Il vero nodo della questione è che io non sopporto la calca, la folla, gli spintoni, quel senso di soffocamento che ogni tanto prende, soprattutto nelle strettoie delle strade tra i banchi. Questo non fa di me, geneticamente, una tipa da mercato.
Al mercato non so comprare. Cioè non so comprare abbigliamento, borse, scarpe, suppellettili.
E se ancora non bastasse, non ho pazienza. Non ho la pazienza di rovistare tra i banchi, di sgomitare con chi mi è vicino, non ho, soprattutto, la pazienza di girare, con il sistematico rigore che contraddistingueva le nostre nonne, di banco in banco per scovare l'affare.

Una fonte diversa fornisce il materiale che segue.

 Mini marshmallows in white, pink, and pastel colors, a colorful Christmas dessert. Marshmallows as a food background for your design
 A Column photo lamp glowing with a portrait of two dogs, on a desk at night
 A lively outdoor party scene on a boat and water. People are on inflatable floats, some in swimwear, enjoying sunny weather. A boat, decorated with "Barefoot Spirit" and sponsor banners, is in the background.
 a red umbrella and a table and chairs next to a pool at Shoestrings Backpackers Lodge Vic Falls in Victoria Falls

O l'affare mi si presenta come un croco che spunta dalla neve, o io proprio non lo vedo.
Però al mercato vado.
Non a quello settimanale vicino a casa, perché non ho mai tempo, fondamentalmente, e perché la folla mi mette ansia, ma non c'è località nella quale io abbia viaggiato per lavoro o per diletto nella quale io non sia andata in cerca di mercato.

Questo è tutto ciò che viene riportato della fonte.